Roger Studio

An Earth Observation copilot for remote-sensing research.

Draw a bounding box on a map → fetch Sentinel-2 imagery → run fine-tuned Earth models → talk to a tool-augmented LLM agent. All from one locally-hosted web workbench.

Quick start · Architecture · Features · Documentation · Contributing

What is Roger Studio?

Roger Studio is a desktop-class workbench for running production Earth-observation models on user-drawn bounding boxes. It pairs OlmoEarth fine-tuned heads (mangrove extent, land use, ecosystem type, fire fuel moisture, forest-loss drivers) with Microsoft Planetary Computer imagery and a chat surface that drives every tool in the app via function calling — the local LLM is any Gemma 4 family variant (instruction-tuned, sizes from ~2B to ~26B A4B, Google or Unsloth quantizations all work) served via Ollama or vLLM, plus Claude, Gemini, GPT, and NVIDIA NIM as cloud alternatives.

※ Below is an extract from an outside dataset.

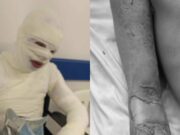 Recluso terminó gravemente quemado en Cundinamarca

It is built for one job: getting a researcher from "I have a question about this patch of Earth" to "I have a defensible classified raster + GeoJSON polygons" without a GPU cluster, a Jupyter notebook, or a remote-sensing PhD.

Who it's for

Audience	What you get
Conservation NGO analyst	One-click mangrove / forest-loss-driver maps over your field site, exportable as GeoJSON for QGIS or Google Earth Pro.
EO research scientist	Native 10 m/pixel inference on chunked AOIs, embedding COG exports for downstream sklearn pipelines, a few-shot tool for ad-hoc class taxonomies.
ML engineer evaluating OlmoEarth	A self-contained reproduction harness — clone, drop weights into HF cache, run any FT head on any AOI in 1-3 minutes. No notebooks.

Quick start

Roger Studio is a two-process app: a Python FastAPI backend (the inference orchestrator) and a Vite/React frontend (the workbench). Two ways to get it running — pick one:

Option A — Docker (one command)

If you have Docker Desktop installed:

git clone https://github.com/2imi9/Roger-Studio.git
cd Roger-Studio
docker compose up

Then open http://localhost:3000. The first run pulls images + installs deps inside the containers (~5–10 min); every subsequent up is fast. The Sentinel-2 scene cache persists at ./backend/data/s2_cache so warm inferences stay fast across restarts.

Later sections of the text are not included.